_TASK BRIEF_. Of all the lines below, output only those starting at the one with "Baño moderno y" and ending at the one with "Toilet Paper Order Form", both ends included, exactly as written.

_THE RECORDS_.
_ _ _ _ _ _ _

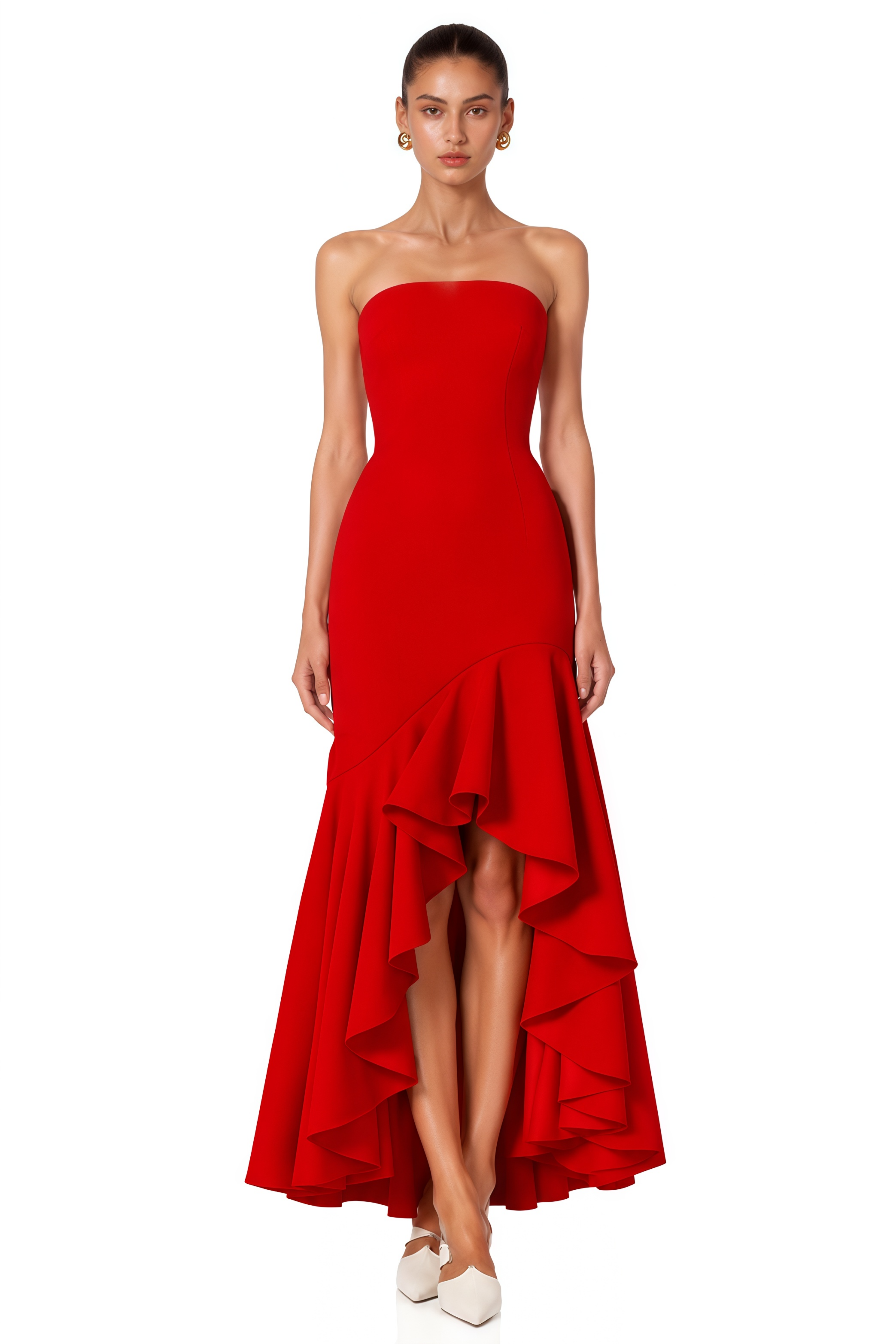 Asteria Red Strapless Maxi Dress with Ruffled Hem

_ _ _ _ _ _ _

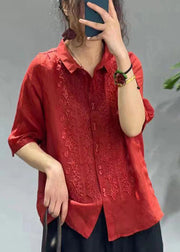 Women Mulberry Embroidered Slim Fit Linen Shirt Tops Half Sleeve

_ _ _ _ _ _ _

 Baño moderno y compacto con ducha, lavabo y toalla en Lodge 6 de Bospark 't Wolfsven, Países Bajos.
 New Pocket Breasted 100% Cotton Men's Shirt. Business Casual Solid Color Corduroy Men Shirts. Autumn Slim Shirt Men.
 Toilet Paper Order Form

_ _ _ _ _ _ _

_OUTPUT OF THE EXERCISE_.
 Baño moderno y compacto con ducha, lavabo y toalla en Lodge 6 de Bospark 't Wolfsven, Países Bajos.
 New Pocket Breasted 100% Cotton Men's Shirt. Business Casual Solid Color Corduroy Men Shirts. Autumn Slim Shirt Men.
 Toilet Paper Order Form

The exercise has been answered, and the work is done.